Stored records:
• • •
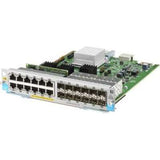 HPE Aruba 5400R 12-Port 10/100/1000BASE-T PoE+ & 12-Port 1GbE SFP v3 zl2 Module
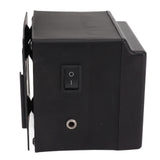 Grill Electric Aluminium Alloy Rotisserie Motor 70KG High Torque Automatic BBQ Rotisserie Motor Waterproof On Off Switch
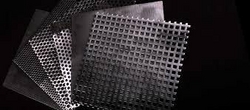 Stainless Steel Perforated Sheets from HONESTY STEEL (INDIA)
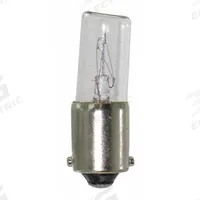 EATON Incandescent Bulb: Incandescent, Miniature Bayonet (BA9s), (T) Tubular, T3-1/4, 120MB, 120V AC (MPN 28-3044). Key specifications — Light Color: White; Trade Number: 120MB; Voltage: 120V AC; Brand: EATON; Bulb Shape: T3-1/4.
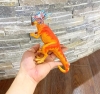 PACHYCEFALOZAUR Figurka Dinozaur Stawscy Ruchomy Figurka Kolekcjonerska 5.jpg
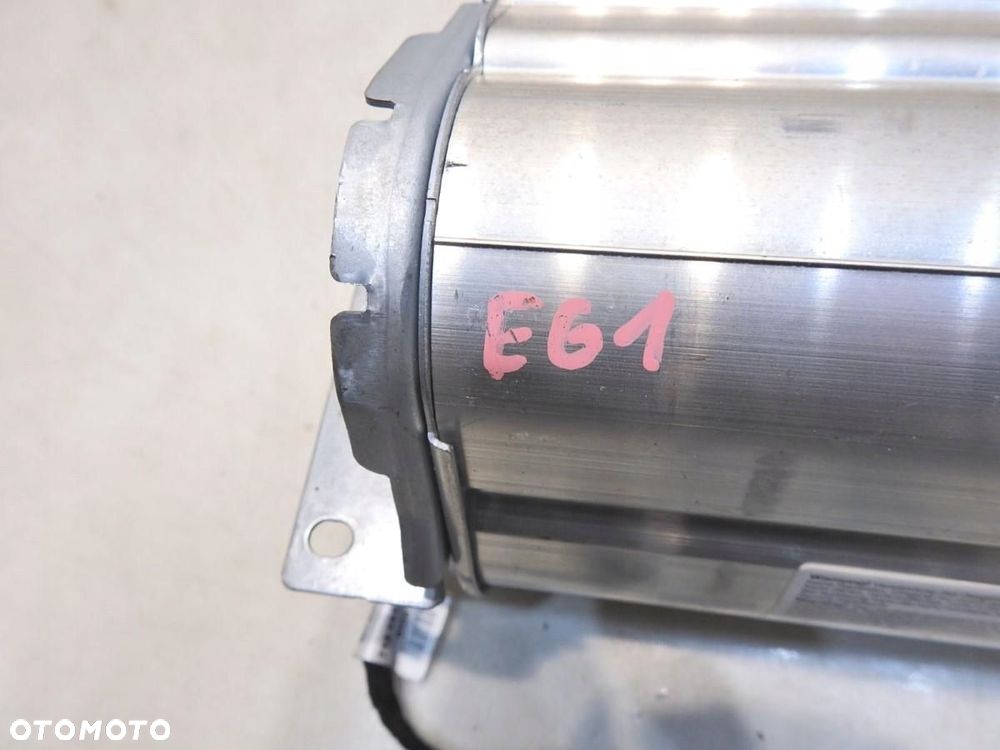 PODUSZKA AIRBAG PASAŻERA BMW E61 39703970811Y 600955100F - 2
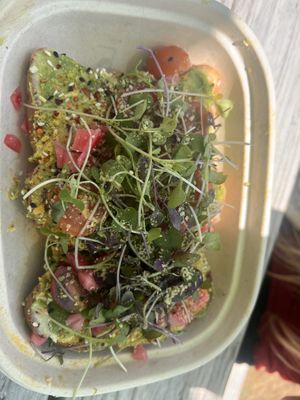   at Zest in Traverse City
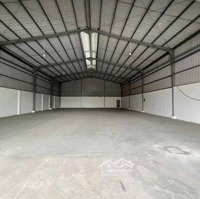 Kho Xưởng Thủ Dầu, 600M Giá Bán 20 Triệu, Đường Nhựa Tải, Có Ba Pha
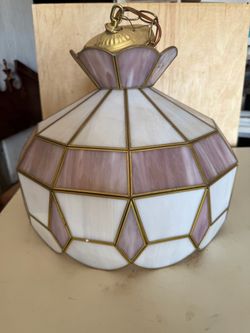 Tiffany Vintage pendant lamp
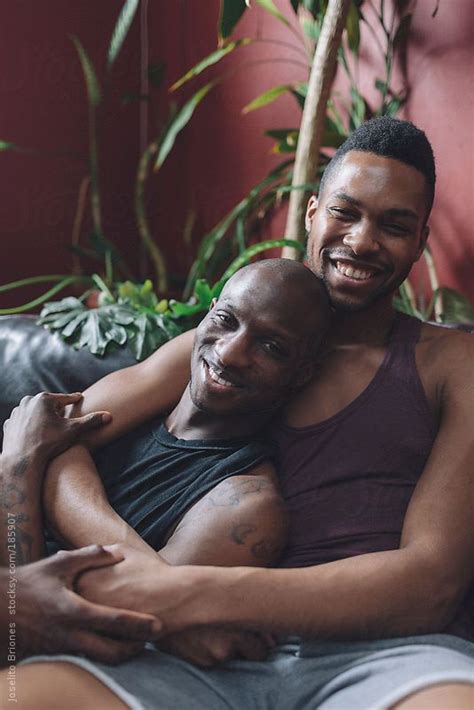 black sex gay porn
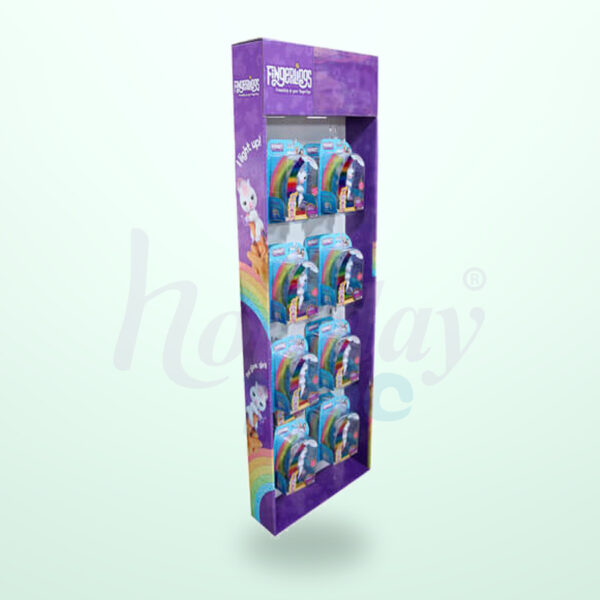 Holidaypacfactory toothbrush sidekick display product application view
• • •
* EXERCISE INSTRUCTIONS:
A word-for-word transcript of the entries above is needed, with pictures removed.

* TASK RESPONSE:
 HPE Aruba 5400R 12-Port 10/100/1000BASE-T PoE+ & 12-Port 1GbE SFP v3 zl2 Module
 Grill Electric Aluminium Alloy Rotisserie Motor 70KG High Torque Automatic BBQ Rotisserie Motor Waterproof On Off Switch
 Stainless Steel Perforated Sheets from HONESTY STEEL (INDIA)
 EATON Incandescent Bulb: Incandescent, Miniature Bayonet (BA9s), (T) Tubular, T3-1/4, 120MB, 120V AC (MPN 28-3044). Key specifications — Light Color: White; Trade Number: 120MB; Voltage: 120V AC; Brand: EATON; Bulb Shape: T3-1/4.
 PACHYCEFALOZAUR Figurka Dinozaur Stawscy Ruchomy Figurka Kolekcjonerska 5.jpg
 PODUSZKA AIRBAG PASAŻERA BMW E61 39703970811Y 600955100F - 2
   at Zest in Traverse City
 Kho Xưởng Thủ Dầu, 600M Giá Bán 20 Triệu, Đường Nhựa Tải, Có Ba Pha
 Tiffany Vintage pendant lamp
 black sex gay porn
 Holidaypacfactory toothbrush sidekick display product application view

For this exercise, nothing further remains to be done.